ECONOMY

Orange chief receives one-year suspended jail sentence

Orange chief executive Stéphane Richard has been given a one-year suspended prison sentence by a French appeals court in a fraud case centred around late businessman Bernard Tapie, leaving his future at the telecoms company hanging in the balance.

Richard, who has been chief of Orange since 2011, had previously been acquitted in the long-running case, which relates to a position he once held in government as chief of staff to Christine Lagarde, then France’s finance minister.

Prosecutors had sought a three-year sentence against Richard. He was cleared on one count of fraud, according to Wednesday’s court ruling, but convicted of complicity in the misuse of public funds, receiving a suspended sentence as well as a €50,000 fine.

Orange, France’s largest telecoms group, declined to comment on the case, which is not connected to the company. But Orange’s board was due to meet later on Wednesday to discuss Richard’s position and whether he could carry on, said people close to the matter.

The French state has a minority stake in Orange, and finance minister Bruno Le Maire has previously said that top executives of government-backed companies would have to leave if convicted of a crime.

The case is centred on a €403m payout awarded by the government to Tapie, who had accused the state of defrauding him in a business deal from almost three decades ago, when he sold a stake in sportswear group Adidas to a state-backed bank.

The settlement had been approved by Lagarde, then working alongside Richard, but the payment was later criticised as excessive amid accusations it was a covert reward for Tapie’s support of former president Nicolas Sarkozy during his election campaign.

Tapie, known in France as the former chair of Olympique de Marseille football club, died in October. Lagarde, now chief of the European Central Bank, was found guilty in 2016 of negligence in public office.

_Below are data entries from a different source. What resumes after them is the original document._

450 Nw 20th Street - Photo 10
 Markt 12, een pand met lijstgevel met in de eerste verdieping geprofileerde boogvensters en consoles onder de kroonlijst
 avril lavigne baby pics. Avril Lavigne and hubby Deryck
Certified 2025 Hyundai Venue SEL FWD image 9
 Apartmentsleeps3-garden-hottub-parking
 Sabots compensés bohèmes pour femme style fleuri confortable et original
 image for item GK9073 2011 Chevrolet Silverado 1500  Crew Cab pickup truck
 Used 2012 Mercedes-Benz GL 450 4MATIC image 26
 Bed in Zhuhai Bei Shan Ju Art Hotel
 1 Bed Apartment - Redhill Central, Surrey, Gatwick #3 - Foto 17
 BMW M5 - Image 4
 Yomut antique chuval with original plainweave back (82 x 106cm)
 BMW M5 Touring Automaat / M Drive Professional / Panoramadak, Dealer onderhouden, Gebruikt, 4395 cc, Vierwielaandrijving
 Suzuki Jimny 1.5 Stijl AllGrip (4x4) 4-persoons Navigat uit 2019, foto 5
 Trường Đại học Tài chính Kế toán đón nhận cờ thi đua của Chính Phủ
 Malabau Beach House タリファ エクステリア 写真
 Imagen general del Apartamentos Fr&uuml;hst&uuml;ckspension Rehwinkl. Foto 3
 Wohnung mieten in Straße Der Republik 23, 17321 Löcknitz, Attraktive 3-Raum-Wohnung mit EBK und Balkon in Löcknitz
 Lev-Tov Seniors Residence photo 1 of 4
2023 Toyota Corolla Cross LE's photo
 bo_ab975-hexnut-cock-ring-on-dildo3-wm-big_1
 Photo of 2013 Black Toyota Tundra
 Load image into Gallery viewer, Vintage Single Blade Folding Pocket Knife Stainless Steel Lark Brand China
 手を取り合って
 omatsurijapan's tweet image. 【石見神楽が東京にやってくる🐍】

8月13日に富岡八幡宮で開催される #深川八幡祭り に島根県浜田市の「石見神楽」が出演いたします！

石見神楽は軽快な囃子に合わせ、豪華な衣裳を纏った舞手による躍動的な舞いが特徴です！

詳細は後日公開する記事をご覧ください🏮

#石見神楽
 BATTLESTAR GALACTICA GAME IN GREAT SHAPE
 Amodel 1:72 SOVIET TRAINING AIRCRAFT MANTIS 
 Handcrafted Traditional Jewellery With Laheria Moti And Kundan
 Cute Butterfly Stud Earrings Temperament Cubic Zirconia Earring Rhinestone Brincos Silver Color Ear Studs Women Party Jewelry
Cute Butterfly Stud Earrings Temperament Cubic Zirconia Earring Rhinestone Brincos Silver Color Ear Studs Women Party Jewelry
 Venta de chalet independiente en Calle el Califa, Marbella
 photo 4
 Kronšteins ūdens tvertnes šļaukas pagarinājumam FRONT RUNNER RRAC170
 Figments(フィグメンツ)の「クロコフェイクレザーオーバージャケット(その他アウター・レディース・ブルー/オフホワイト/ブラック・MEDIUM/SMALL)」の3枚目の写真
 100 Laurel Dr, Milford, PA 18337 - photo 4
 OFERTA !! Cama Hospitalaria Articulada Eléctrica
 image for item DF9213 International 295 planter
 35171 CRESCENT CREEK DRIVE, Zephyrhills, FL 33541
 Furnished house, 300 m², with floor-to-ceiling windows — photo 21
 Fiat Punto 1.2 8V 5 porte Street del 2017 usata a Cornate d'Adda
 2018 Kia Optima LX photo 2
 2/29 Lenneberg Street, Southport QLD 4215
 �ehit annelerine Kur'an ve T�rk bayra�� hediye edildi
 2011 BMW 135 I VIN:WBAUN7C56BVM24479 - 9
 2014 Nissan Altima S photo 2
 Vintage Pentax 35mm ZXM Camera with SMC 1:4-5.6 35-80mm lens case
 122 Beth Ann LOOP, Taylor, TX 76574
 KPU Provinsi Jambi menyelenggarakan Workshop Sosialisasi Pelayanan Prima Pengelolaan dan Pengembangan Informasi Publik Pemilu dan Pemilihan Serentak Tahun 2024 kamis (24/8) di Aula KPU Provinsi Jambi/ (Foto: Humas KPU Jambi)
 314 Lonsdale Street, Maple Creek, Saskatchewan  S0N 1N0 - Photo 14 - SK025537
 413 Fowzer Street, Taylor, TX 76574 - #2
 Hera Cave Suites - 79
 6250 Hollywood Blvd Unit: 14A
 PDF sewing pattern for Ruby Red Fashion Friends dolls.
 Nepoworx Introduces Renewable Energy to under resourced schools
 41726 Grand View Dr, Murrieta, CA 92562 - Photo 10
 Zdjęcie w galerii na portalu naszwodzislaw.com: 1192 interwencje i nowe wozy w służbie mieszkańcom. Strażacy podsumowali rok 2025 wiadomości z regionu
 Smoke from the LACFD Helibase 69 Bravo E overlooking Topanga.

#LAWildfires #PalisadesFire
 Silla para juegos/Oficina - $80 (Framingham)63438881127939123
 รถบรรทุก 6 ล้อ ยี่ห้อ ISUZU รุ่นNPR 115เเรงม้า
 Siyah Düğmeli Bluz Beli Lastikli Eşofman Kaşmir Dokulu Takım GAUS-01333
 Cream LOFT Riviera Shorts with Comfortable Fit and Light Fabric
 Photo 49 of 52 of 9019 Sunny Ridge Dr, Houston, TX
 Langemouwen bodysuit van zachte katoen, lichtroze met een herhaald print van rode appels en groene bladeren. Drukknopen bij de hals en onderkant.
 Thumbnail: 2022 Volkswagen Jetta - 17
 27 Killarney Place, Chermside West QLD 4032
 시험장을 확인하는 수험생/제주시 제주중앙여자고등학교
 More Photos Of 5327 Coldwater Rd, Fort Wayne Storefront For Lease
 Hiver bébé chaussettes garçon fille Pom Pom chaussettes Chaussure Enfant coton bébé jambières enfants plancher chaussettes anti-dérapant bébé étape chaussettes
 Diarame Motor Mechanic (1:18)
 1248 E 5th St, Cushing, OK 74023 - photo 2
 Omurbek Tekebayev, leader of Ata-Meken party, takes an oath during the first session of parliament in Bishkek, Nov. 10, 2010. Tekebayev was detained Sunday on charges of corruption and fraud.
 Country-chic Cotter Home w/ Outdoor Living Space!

Richard has long denied wrongdoing and said that he rejected all the accusations against him and would appeal against the verdict to a higher court. He added that his mandate at Orange was “in the hands of Orange’s board”. 

Orange has two “delegate” chiefs who could step up if Richard were to be replaced — Gervais Pellissier, who has been in executive roles at Orange since 2005 and deputy chief since 2009, and Ramon Fernandez, a former government adviser, who has been deputy chief since 2014.

In his time at the top, Richard has been a steadying hand at Orange, which was recovering from a crisis sparked by a wave of staff suicides when he took over. His appointment coincided with a tumultuous period in French telecoms following the rise of aggressive rivals such as Altice, which acquired SFR and Numericable, and Xavier Niel’s Iliad.

Orange, one of Europe’s largest telecoms companies alongside Deutsche Telekom and Vodafone, has attempted to revive its growth with overseas acquisitions and forays into different sectors, most notably media and banking. More recently it has focused on value creation by separating its towers business into a new company called Totem, and pursuing deals within some markets to strengthen its bases there, including Romania and Belgium.

Richard’s tenure has, however, been overshadowed by the Tapie allegations. He had previously argued that his removal would destabilise the company, including in 2018 when the French government backed him for a fresh mandate despite the prospect of a damaging fraud trial.